The vader sentiment analyzer appears to have done a good job at assigning sentiment scores on the normalized corpus. No additional words were added to the vader sentiment analyzer lexicon.

### 2. Compute Sentiment Scores for Each Cluster

In [15]:
review_text.groupby('cluster').describe(percentiles = [.5])

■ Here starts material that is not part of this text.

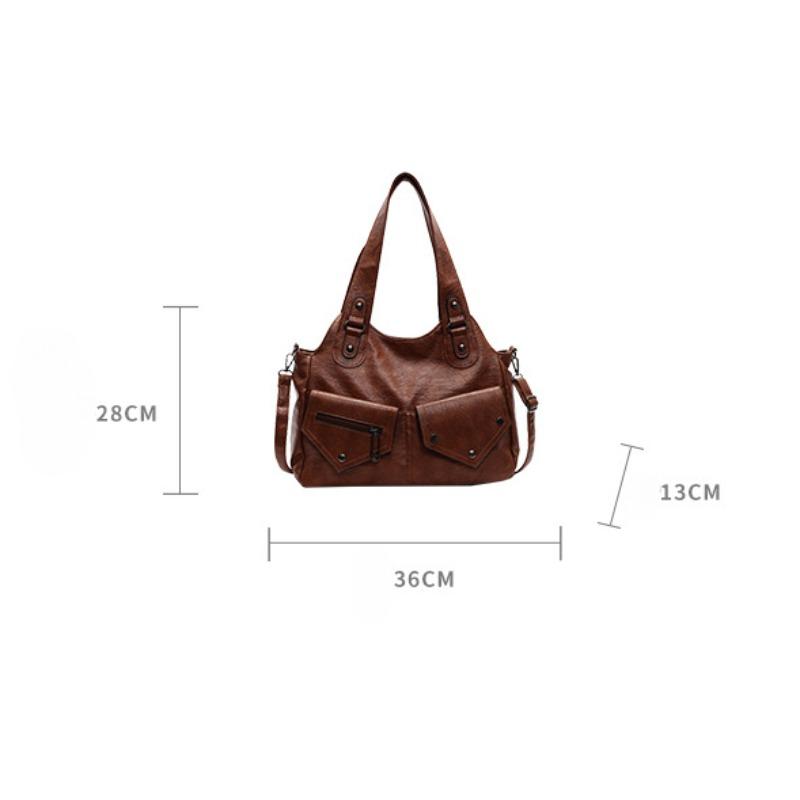Retro shoulder bag contrasting color splicing tote bag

Unnamed: 0_level_0,compound score,compound score,compound score,compound score,compound score,compound score
Unnamed: 0_level_1,count,mean,std,min,50%,max
cluster,Unnamed: 1_level_2,Unnamed: 2_level_2,Unnamed: 3_level_2,Unnamed: 4_level_2,Unnamed: 5_level_2,Unnamed: 6_level_2
0,20.0,0.39899,0.867324,-0.9777,0.9529,0.9989
1,10.0,0.60632,0.616949,-0.8925,0.92605,0.9923
2,66.0,0.011556,0.849469,-0.9915,0.0009,0.9933
3,4.0,0.508025,0.972619,-0.9509,0.99315,0.9967


The results give a lot of insight for the sentiments in each cluster. The cluster which appears to be the most distinct is cluster 2 (N=66) for which the median and average sentiment are both closer to zero. Clusters 0 (N=20), 1 (N=10), 3 (N=4) have very similar min and max sentiment scores, however there is a slight noticeable difference in the median sentiment scores (.95, .92 and .99, respectively); and a a large difference in their average sentiments cores (.40, .6 and .5 respectively).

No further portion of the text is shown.